Document Type


Date of Degree Completion

Summer 2015

Degree Name

Master of Science (MS)



Committee Chair

Mary E. Poulson

Second Committee Member

Raymon Donahue

Third Committee Member

Tom Cottrell


The purpose of this study was to determine physiological differences in drought response among Garry oak (Quercus garryana Douglas ex Hook. [Fagaceae]) seedlings that grow in distinct populations in Washington state, in order to aid in restoration efforts by informing growers of the potential differences between the acorn collection sites. Acorns from six Washington populations east of the Cascades, as well as one population from Whidbey Island, were collected and grown in containers under controlled conditions. The plants were assessed with and without moderate and severe drought stress induced by withholding water. The most extreme differences in photosynthetic characteristics for non-stressed seedlings from different populations were in stomatal conductance rates, which in some cases differed between populations by 2 fold or more. Differences in response to drought occurred across populations after 14 days of withholding water (Fig 4). Seedlings from the northernmost population of Garry oak on the east side of the Cascades (Swauk Creek) were most susceptible to lowered photosynthetic rates induced by drought stress, while an island population from the west side of the cascades (Oak Harbor) showed the least drought-induced reduction of assimilation.

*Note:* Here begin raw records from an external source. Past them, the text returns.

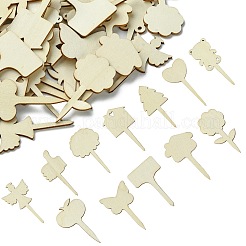 60 шт.&nbsp;WOOD-CJ0002-05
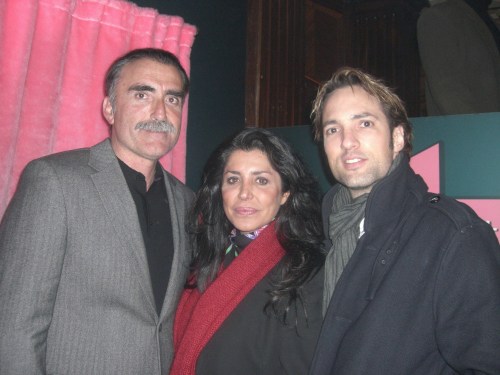 Juan y Medio, Maria Pineda e Ismael Beiro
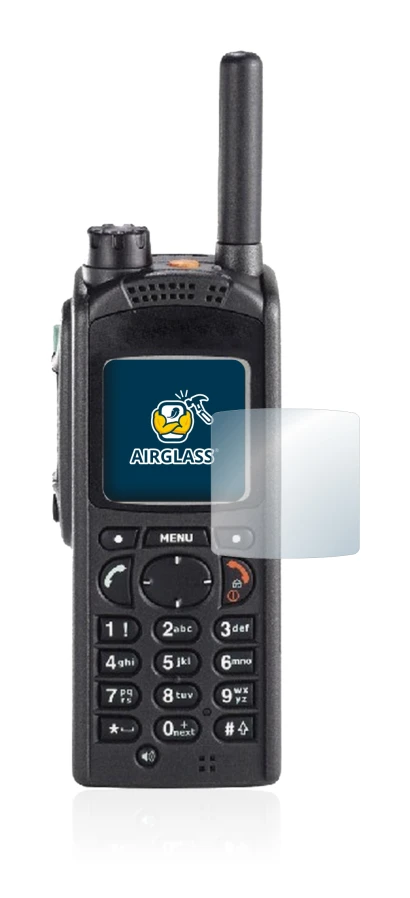 Imagen del dispositivo Motorola MTP850 con una amplia variedad de protectores de pantalla.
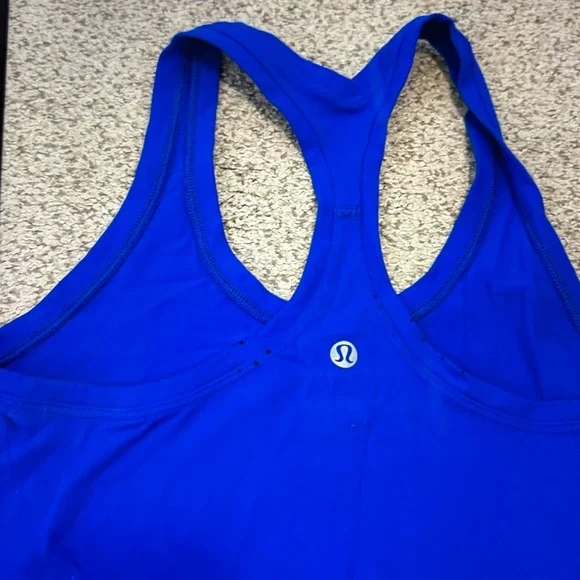 Lululemon Cool Racer Back tank in “Pipe Dream Blue”, 4 - Picture 5 of 10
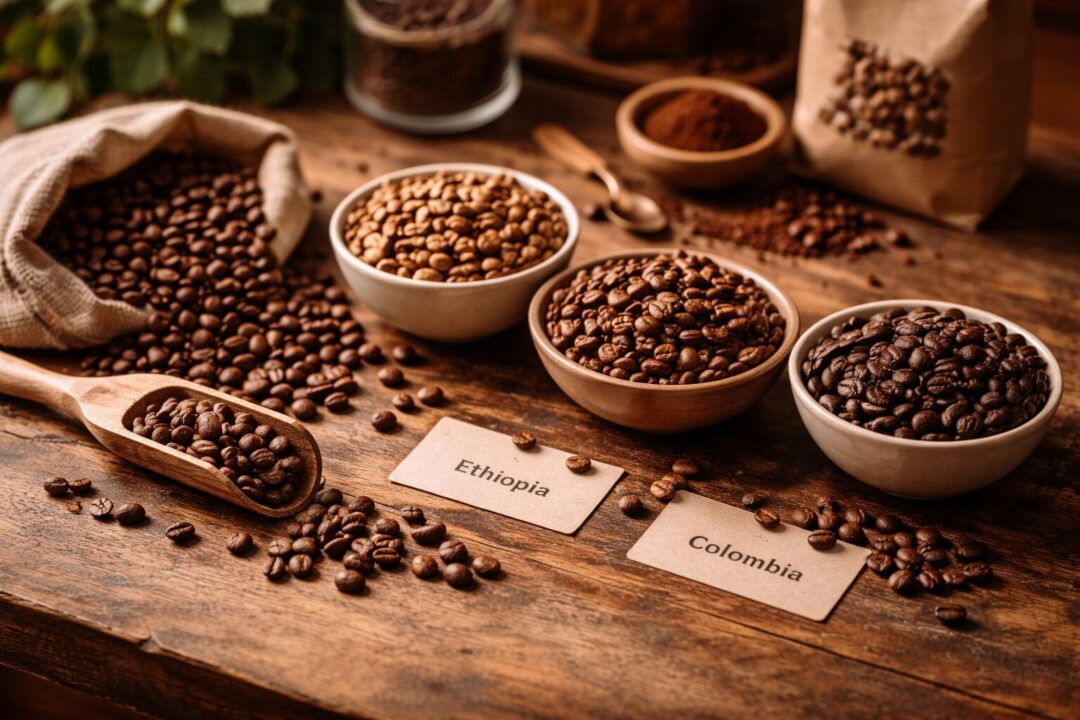 コーヒー豆の選び方・保存・使い切りガイド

Differences among populations were also observed in the occurrence of drought induced embolisms, and in changes in leaf water potential, relative water content, and production of the osmolyte proline in response to drought. This study shows that seedlings from different populations of Garry oak have distinct physiological responses to drought that may lead to changes in survivorship for seedlings used in reforestation efforts for Garry oak savannas as they are exposed to drought stress in the field.